Family law has no shortage of interesting cases; in this Ontario decision, which was handed down just a few days ago, there was a “plot twist” that would rival one you’d find on any reality TV show.

The couple met in 1997 when they were both in relationships with other people. (In the woman’s case, she was married and in the process of separating from her husband). They started a casual sexual relationship, and about eight months later the woman gave birth to a child. The mother estimated the child must have been born 10 to 12 weeks prematurely; apparently both assumed the man was the biological father and they signed the birth papers accordingly.

The man started paying $100 in monthly child support, and continued to pay faithfully for 16 years, even though they never lived together as a family and no real parent-child relationship was ever fostered.

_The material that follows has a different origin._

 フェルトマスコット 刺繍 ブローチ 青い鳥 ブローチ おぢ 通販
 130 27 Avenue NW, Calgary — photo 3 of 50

Then, everything changed: At the request of Ontario Works (from whom she had been receiving social assistance) the woman took the man to court to ask for a substantial increase in the amount of child support he was obliged to pay, which was to be geared to his current income. In response, the man asked for a DNA paternity test, which proved he was not the biological father.

With these results out in the open, they then agreed to terminate the man’s obligation to pay child support, but he (again at the behest of the social assistance office) took it one step further – he asked to have all his prior payments over the past 16 years returned to him, totalling almost $17,000.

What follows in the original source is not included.